The Dirty Life.On Farming, Food, and Love
Page 14
I am a passive-aggressive disputant, happy to avoid the direct confrontation and tenderly nurse its grudge instead. Mark is a plain old tenacious arguer. He will grab hold of a disagreement and worry it, shaking it back and forth and back and forth until the crux of it drops out. That’s why I know that those arguments were always about our two different basic fears. I was chiefly afraid of money—of poverty, of debt. It looked like our profit margin would be slim at best, and I thought that paying interest could enslave us. And if this thing failed, I did not want to be left to shovel out from under a pile of old bills. I had some experience with debt, and I had a deep fear of going back there. Mark, by contrast, had a friendly and lighthearted relationship with money, based in part on the fact that he has very little attachment to the having or not having of it. He could be happy living on a park bench, I told him. He did not disagree. But his history with money was actually much healthier than mine. He’d taken out a loan to start his farm in Pennsylvania, and he’d paid it back early. He had even saved enough from his paltry farm salaries to bail me out of the last part of my debt when I left the city for New Paltz. His fear was not of debt but of ruining ourselves with overwork. He’d seen it happen to other people, the farm gaining mass and speed until it ran over the farmer and squashed him. He worried that we would become so overwhelmed by work it would not be any fun anymore, or that his freedom to farm the way he wanted to would be limited. That freedom was worth more to him, he said, than so-called security. He was fond of quoting a farmer under whom he had apprenticed, who said that organic farms most commonly failed not from bankruptcy but from burnout or divorce. I wasn’t sure about the former, but if we kept fighting like this, we were well on our way to the latter, and the wedding hadn’t even happened yet.

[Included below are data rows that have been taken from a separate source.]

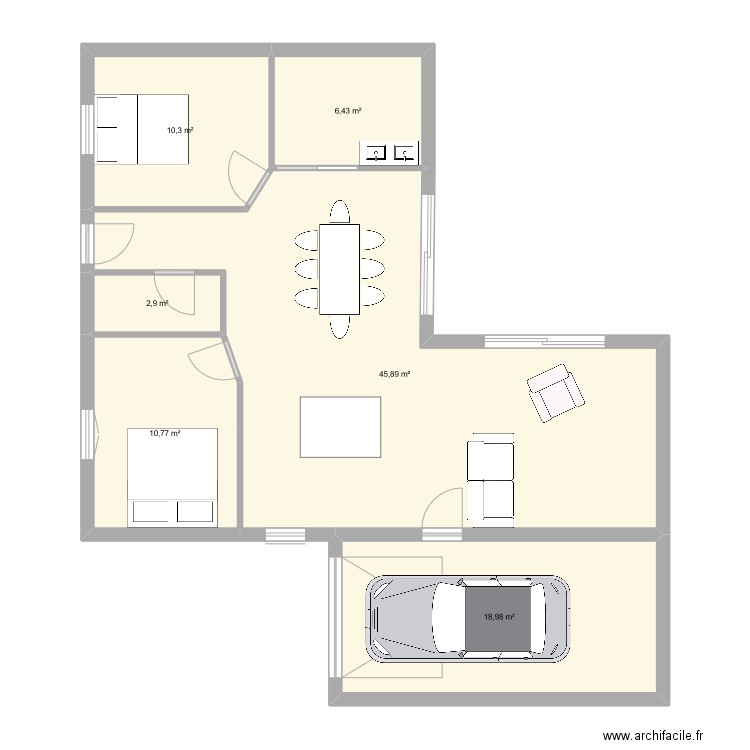 premiere maison. Plan de 6 pièces et 95 m2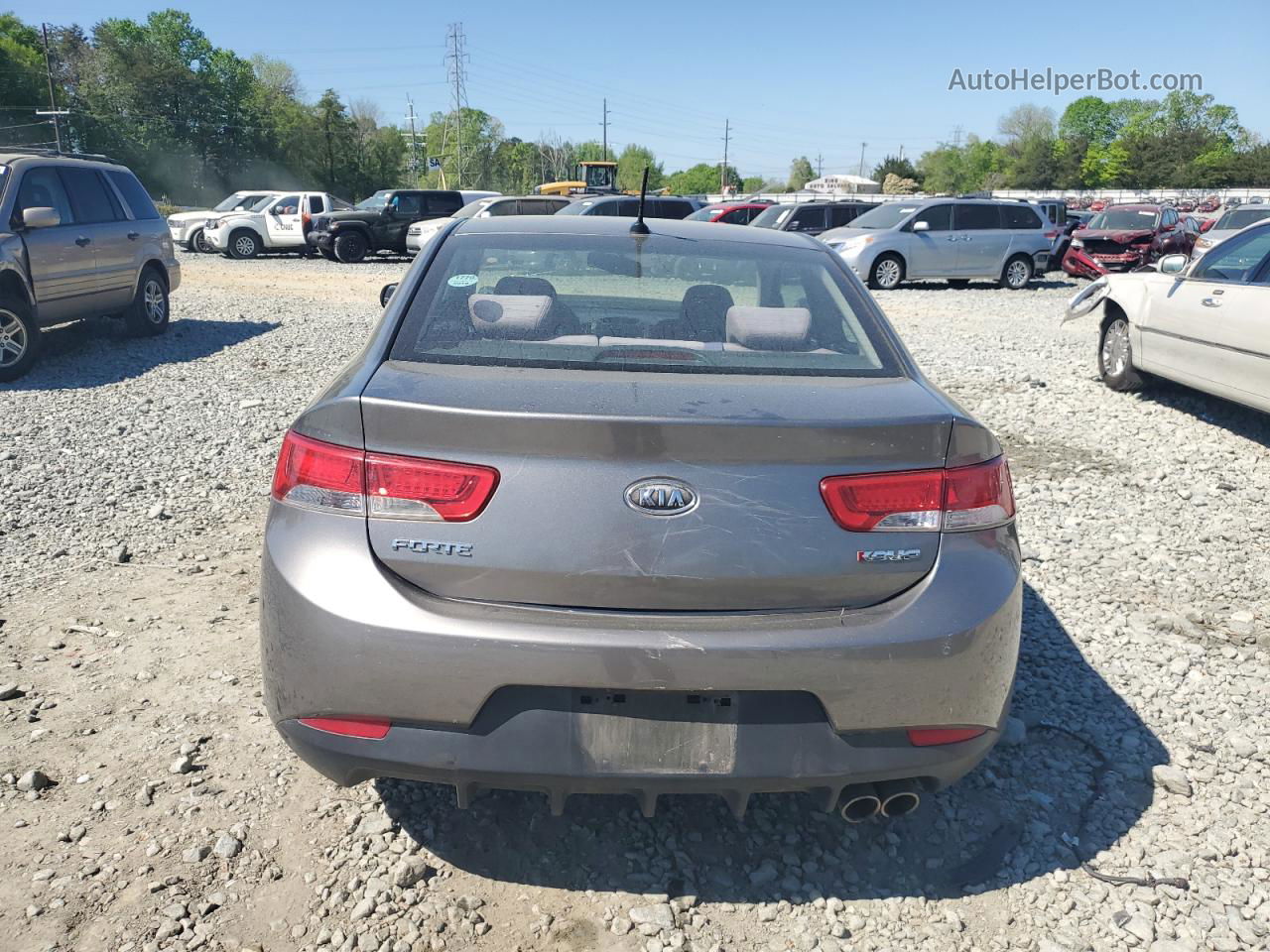 2012 Kia Forte Sx Gray vin: KNAFW6A31C5479361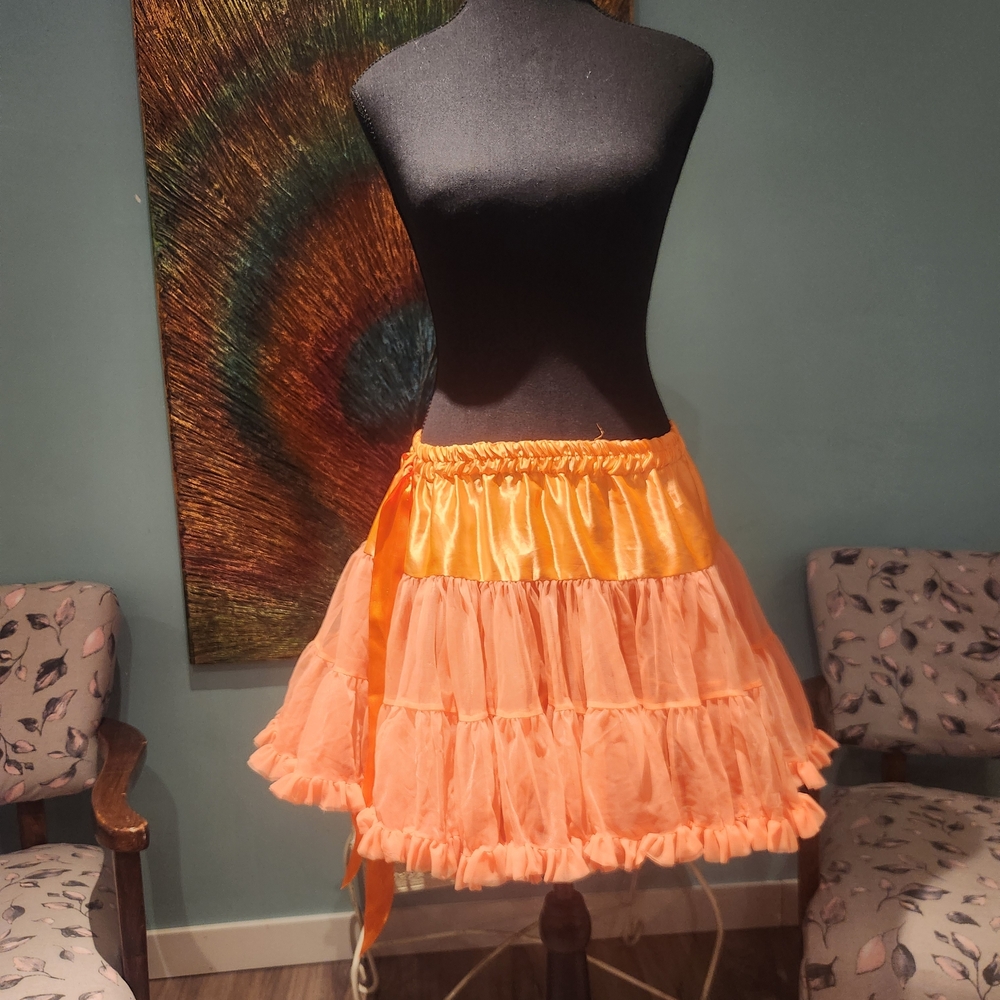 Orange Ruffled Skirt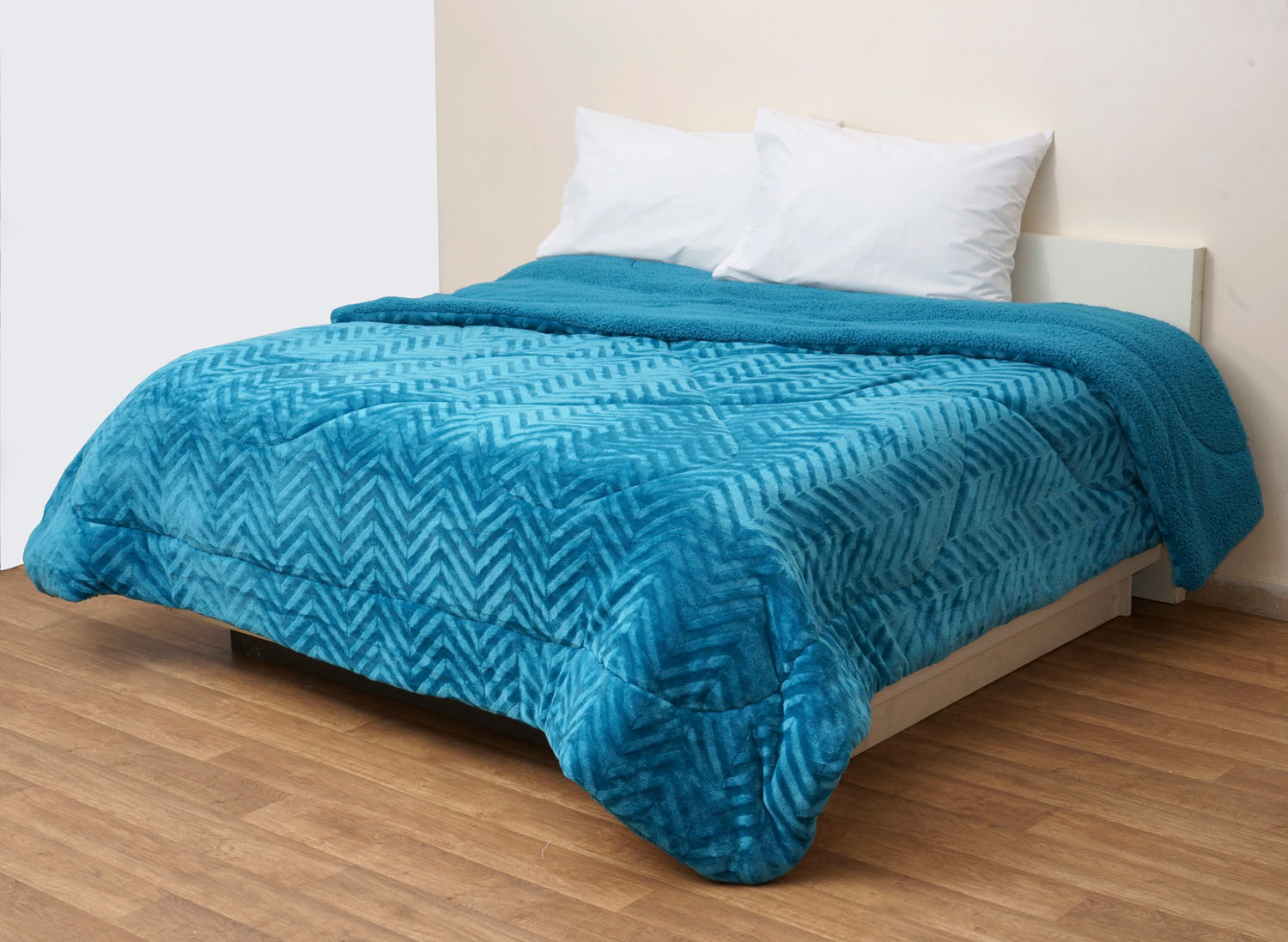 Κουβερτοπάπλωμα Υπέρδιπλο 220x240 Toronto Ocean Blue Πετρόλ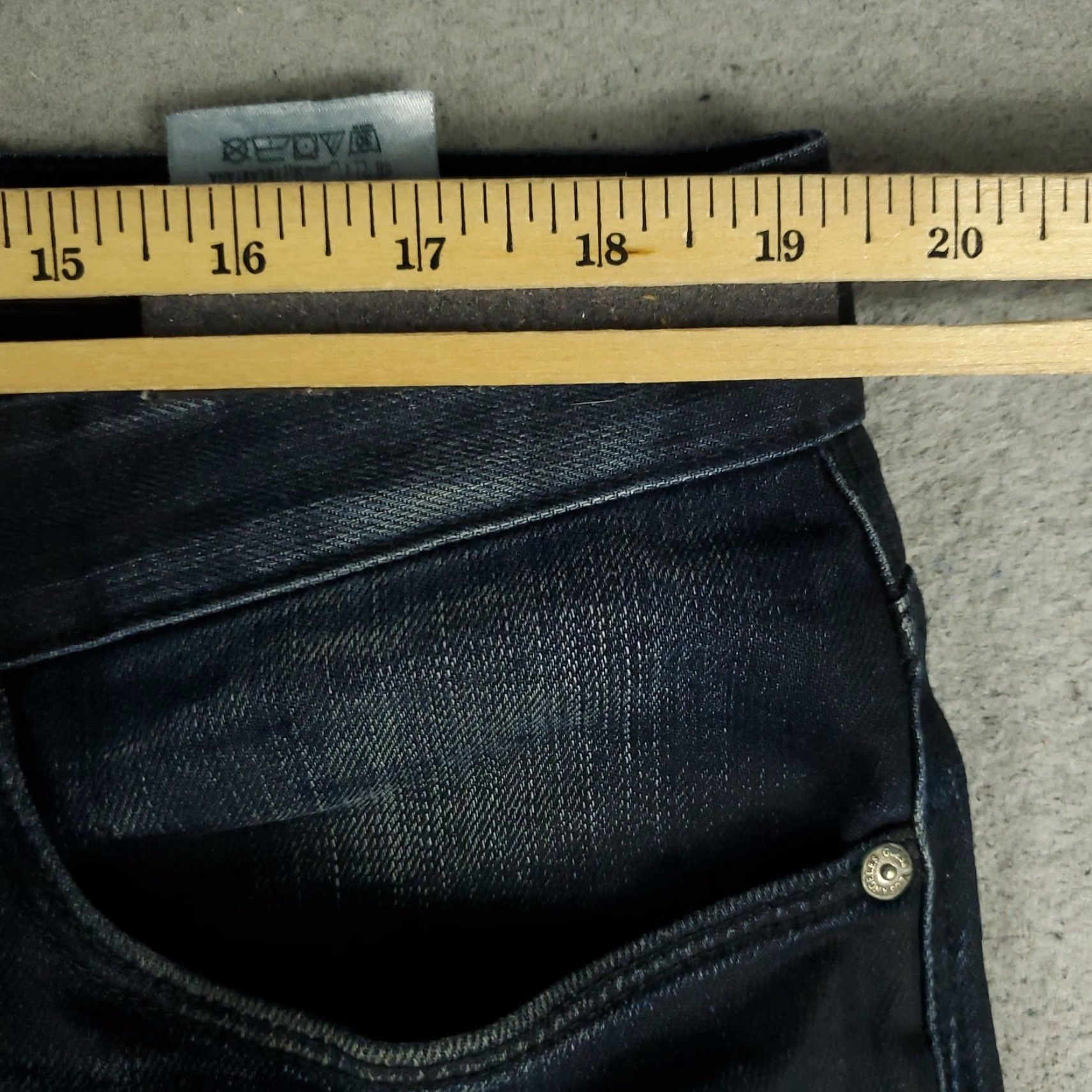 Guess GUESS Jeans Men's 38x32 Blue Distressed Tapered Slim Denim Pants Regular Fit Size US 38 / EU 54 - 4 Thumbnail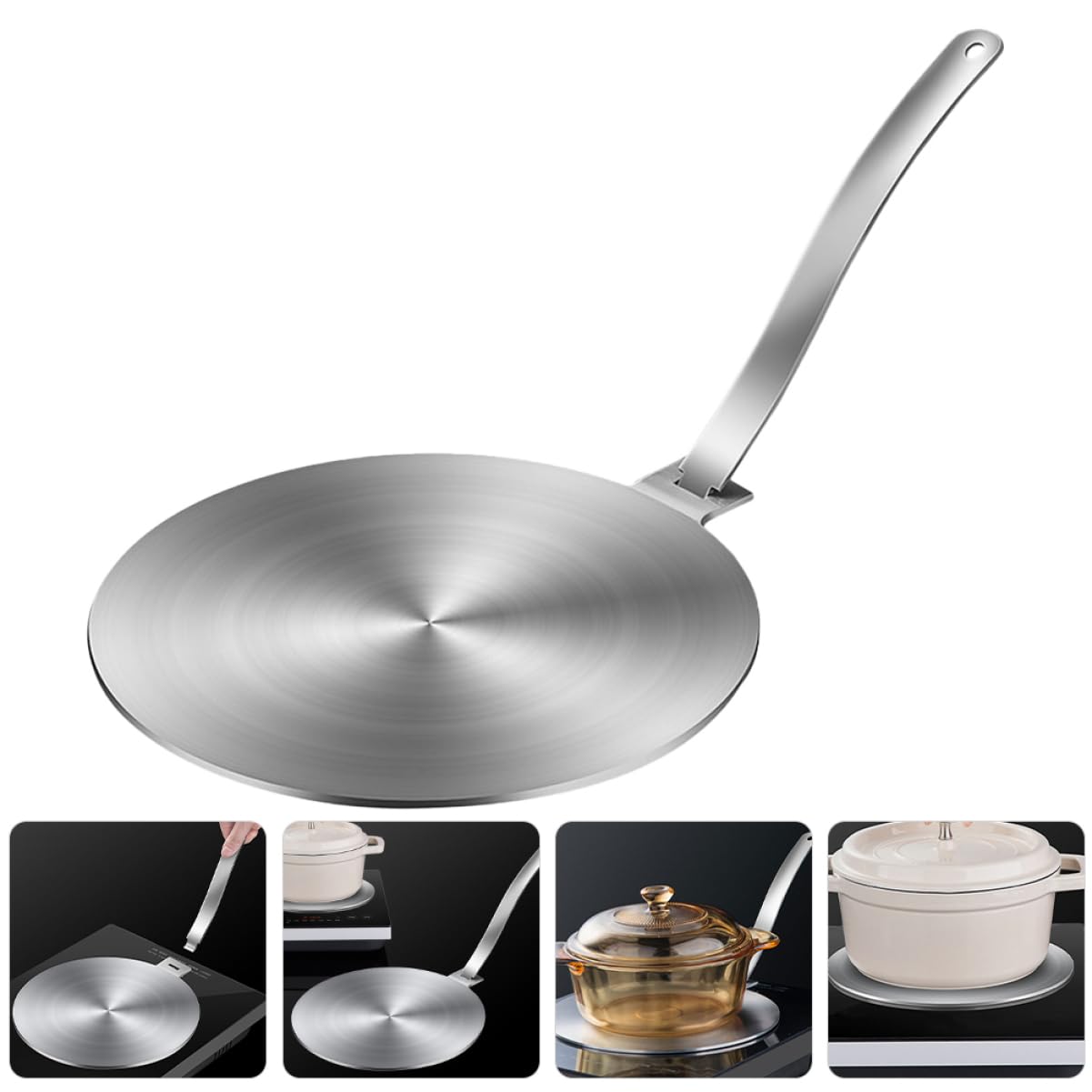 Mipcase Difusor De Calor para Placa De Inducción Placa Guía Térmica De Inducción Utensilios De Cocina De Inoxidable Adaptador para Cocina De Gas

One thing we had to agree on was that it was time to secure some members. We made up a flyer and posted it on the community board, in front of Town Hall. We were offering a full-diet share—including beef, pork, chicken, eggs, milk, vegetables, flours, grains, and dry beans, and our beautiful maple syrup—beginning the first week of August. It would take us until then to put all the pieces of the farm together, and to begin harvesting serious amounts of vegetables. Members who signed up before August could come to the farm each week to get their meat and milk, plus vegetables and other items as they became available. In the breath between the end of sugaring and the beginning of fieldwork, we shifted our focus to marketing.
We had some forces aligned against us on that front. We were new in this small, conservative town, a town that had watched good farms go under in the preceding decades. We were pitching a radical all-or-nothing, year-round membership model that was untried, even in the most agriculturally progressive pockets of the country. We were asking people to fork over thousands of dollars for the promise of a return that was by no means guaranteed. At the price we were charging, most people in our community couldn’t afford to use our food as a supplement to their usual grocery store haul. They’d have to give up, like I had, that familiar and comforting experience of pushing a cart down an aisle. The central question in the kitchen would have to change from What do I want? to What is available? The time spent in the kitchen—in planning, in preparing, in cooking—would jump exponentially. Moreover, our frost-free growing season is only about a hundred days. To eat perishable food out of season, you have to make the time to can or freeze it while it is fresh and abundant. Those projects are fun and satisfying if you have the time for them, but if you’re working a full-time job while trying to satisfy the needs of your children, they begin to seem sweaty and tedious. Maybe most important, farm food itself is totally different from what most people now think of as food: none of those colorful boxed and bagged products, precut, parboiled, ready to eat, and engineered to appeal to our basest desires. We were selling the opposite: naked, unprocessed food, two steps from the dirt.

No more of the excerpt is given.